Merge branch 'master' into new_xarray

delandmeterp · delandmeterp · commit a2dec03b3d9c · 2018-10-03T16:26:59.000+02:00
diff --git a/parcels/field.py b/parcels/field.py
@@ -119,6 +119,7 @@ def __init__(self, name, data, lon=None, lat=None, depth=None, time=None, grid=N
         self.dimensions = kwargs.pop('dimensions', None)
         self.indices = kwargs.pop('indices', None)
         self.dataFiles = kwargs.pop('dataFiles', None)
+        self.netcdf_engine = kwargs.pop('netcdf_engine', 'netcdf4')
         self.loaded_time_indices = []
 
     @classmethod
@@ -151,6 +152,8 @@ def from_netcdf(cls, filenames, variable, dimensions, indices=None, grid=None,
                It is advised not to fully load the data, since in that case Parcels deals with
                a better memory management during particle set execution.
                full_load is however sometimes necessary for plotting the fields.
+        :param netcdf_engine: engine to use for netcdf reading in xarray.

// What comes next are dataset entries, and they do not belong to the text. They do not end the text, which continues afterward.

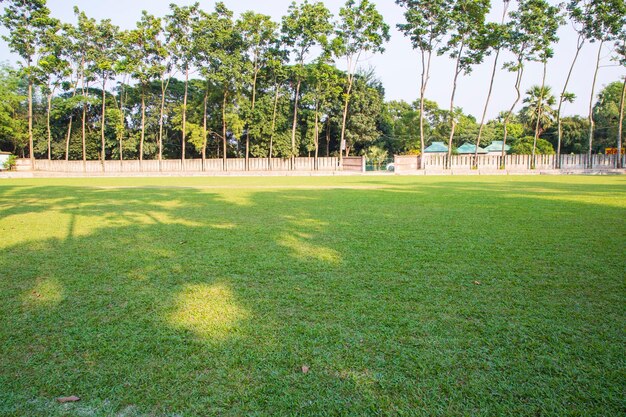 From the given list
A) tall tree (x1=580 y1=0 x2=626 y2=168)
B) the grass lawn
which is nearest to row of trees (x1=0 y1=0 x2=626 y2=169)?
tall tree (x1=580 y1=0 x2=626 y2=168)

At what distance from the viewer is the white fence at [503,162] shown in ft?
102

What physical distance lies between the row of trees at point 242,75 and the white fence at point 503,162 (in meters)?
1.63

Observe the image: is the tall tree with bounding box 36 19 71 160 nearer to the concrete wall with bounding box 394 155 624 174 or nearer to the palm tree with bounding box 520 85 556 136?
the concrete wall with bounding box 394 155 624 174

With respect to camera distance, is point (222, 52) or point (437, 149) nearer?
point (222, 52)

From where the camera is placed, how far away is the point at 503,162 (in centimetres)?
3200

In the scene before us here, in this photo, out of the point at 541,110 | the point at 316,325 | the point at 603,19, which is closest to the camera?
the point at 316,325

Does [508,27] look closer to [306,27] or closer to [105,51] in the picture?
[306,27]

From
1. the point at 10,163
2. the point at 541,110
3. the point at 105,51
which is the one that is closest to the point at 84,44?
the point at 105,51

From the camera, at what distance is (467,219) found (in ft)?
20.1

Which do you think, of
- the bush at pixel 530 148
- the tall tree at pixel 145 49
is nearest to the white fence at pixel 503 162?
the bush at pixel 530 148

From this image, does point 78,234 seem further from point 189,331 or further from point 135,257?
point 189,331

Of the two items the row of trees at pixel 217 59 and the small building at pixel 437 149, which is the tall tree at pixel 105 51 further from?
the small building at pixel 437 149

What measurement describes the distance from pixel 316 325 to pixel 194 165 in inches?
1469

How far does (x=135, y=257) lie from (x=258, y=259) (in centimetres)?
133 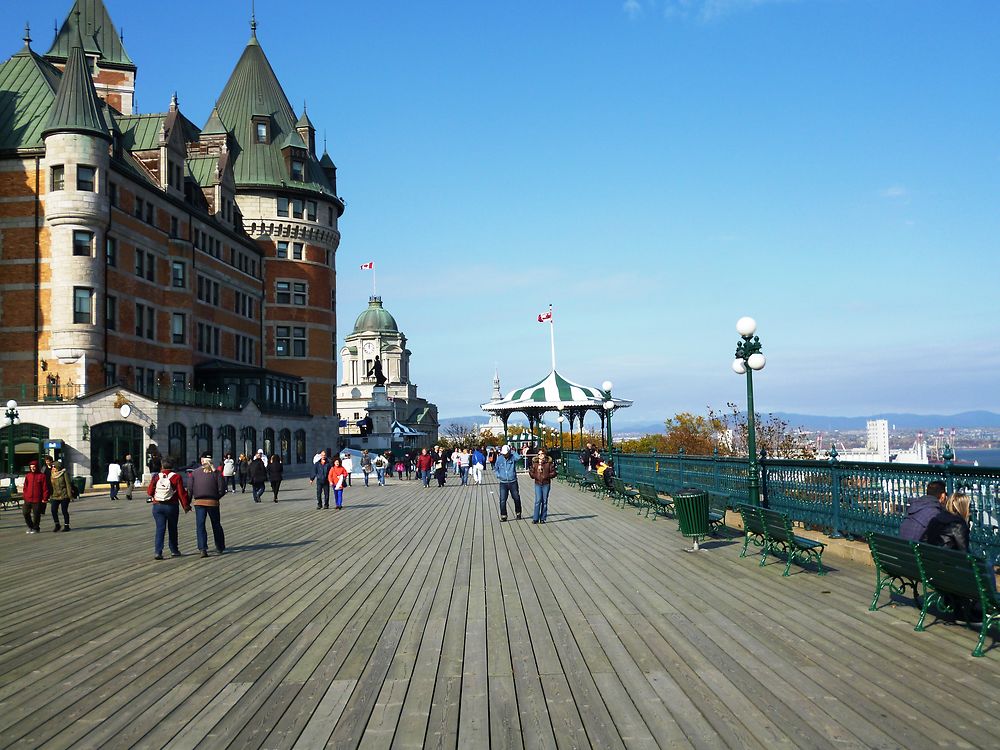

Default is 'netcdf',
+               but in cases where this doesn't work, setting netcdf_engine='scipy' could help
         """
 
         if not isinstance(filenames, Iterable) or isinstance(filenames, str):
@@ -174,15 +177,16 @@ def from_netcdf(cls, filenames, variable, dimensions, indices=None, grid=None,
             depth_filename = filenames[0]
 
         indices = {} if indices is None else indices.copy()
-        with NetcdfFileBuffer(lonlat_filename, dimensions, indices) as filebuffer:
+        netcdf_engine = kwargs.pop('netcdf_engine', 'netcdf4')
+        with NetcdfFileBuffer(lonlat_filename, dimensions, indices, netcdf_engine) as filebuffer:
             lon, lat = filebuffer.read_lonlat
             indices = filebuffer.indices
             # Check if parcels_mesh has been explicitly set in file
             if 'parcels_mesh' in filebuffer.dataset.attrs:
                 mesh = filebuffer.dataset.attrs['parcels_mesh']
 
         if 'depth' in dimensions:
-            with NetcdfFileBuffer(depth_filename, dimensions, indices) as filebuffer:
+            with NetcdfFileBuffer(depth_filename, dimensions, indices, netcdf_engine) as filebuffer:
                 depth = filebuffer.read_depth
         else:
             indices['depth'] = [0]
@@ -197,7 +201,7 @@ def from_netcdf(cls, filenames, variable, dimensions, indices=None, grid=None,
             timeslices = []
             dataFiles = []
             for fname in data_filenames:
-                with NetcdfFileBuffer(fname, dimensions, indices) as filebuffer:
+                with NetcdfFileBuffer(fname, dimensions, indices, netcdf_engine) as filebuffer:
                     ftime = filebuffer.time
                     timeslices.append(ftime)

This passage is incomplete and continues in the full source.